My wife and daughter are currently in Japan.  I miss them horribly, so I’m not sure how rational these thoughts are, but it doesn’t mean I shouldn’t have them.

I’m fantasizing about quitting my job, moving to Japan, and trying to make a living as a niche blogger.  Sure, I’d have to find my niche (using being an American in Japan as a start) and work on my writing skills, but I don’t think the idea is completely “crazy.”  My wife and I would reverse roles as the main “breadwinner,” but she has a law degree and could easily eclipse my current salary in a few years, leaving me to spend quality time with our daughter and honing my “craft.”

There are, of course, concerns.  While she may be able to make a decent salary, there would be some initial concerns about a change to the quality of our life.  The cost of living in Louisville, compared to Japan is going to mean major changes to our lifestyle, but I believe my wife would sacrifice whatever she needed to so she could live in Japan.  She’s made it clear to me several times that she’s no fan of living in Kentucky.  I would say “hate” would be strong word, but I’ve taken her from Tokyo to San Diego (which she didn’t complain too much about) to Louisville, each time move feeling a “downgrade” to her.  I naturally would love to make her happy and get her back to Japan and her family.  My family, I believe, has become accustomed to my lack of roots, though I know my mother would likely be heartbroken with our departure.  However, it’s either one grandparent or the other that would be heartbroken, so it’s a no win situation in that category.

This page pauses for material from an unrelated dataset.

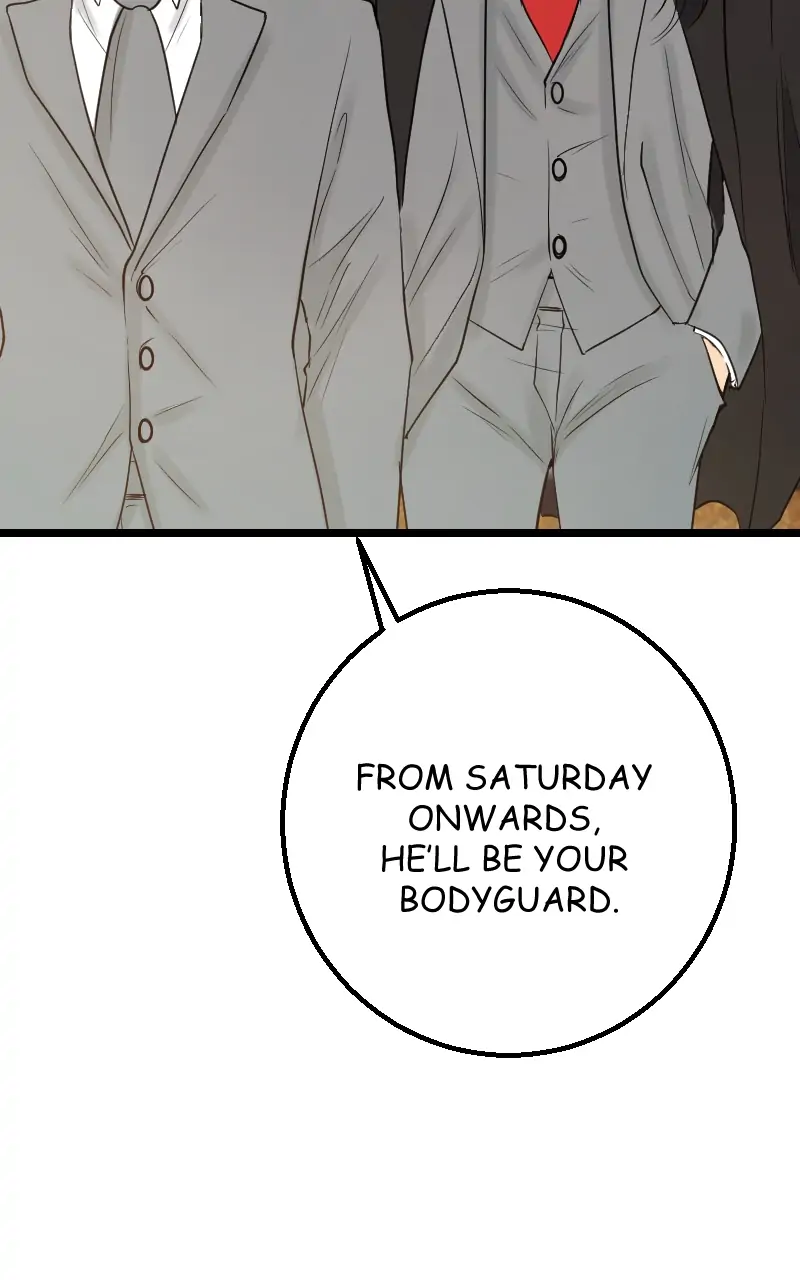 My Lovely Bodyguard Chapter 18 - Page 66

So, what will it take?  Guts.  I’m not afraid of the unknown, but I feel that the ultimate responsibility is that our family can be supported, so this would likely involve me remaining here while my wife finds a job, then the subsequent move by me.  The toughest part would be dealing with my own ego.  I’ve been the selfish one focusing on my career while my wife has taken care of our daughter, remaining at home.  I know she has her own dreams and desires that involve a move forward in a career of her own.  The thing is, if I could do something like professional blogging, it would be my “dream job,” so why am I so hesitant?

If by chance any professional bloggers are to happen across this post, PLEASE let me know what I’d be up against if I decided to move with this.  What can I expect?  Am I completely naive?

Update: We’re still looking to make the move at some point way way way down the road.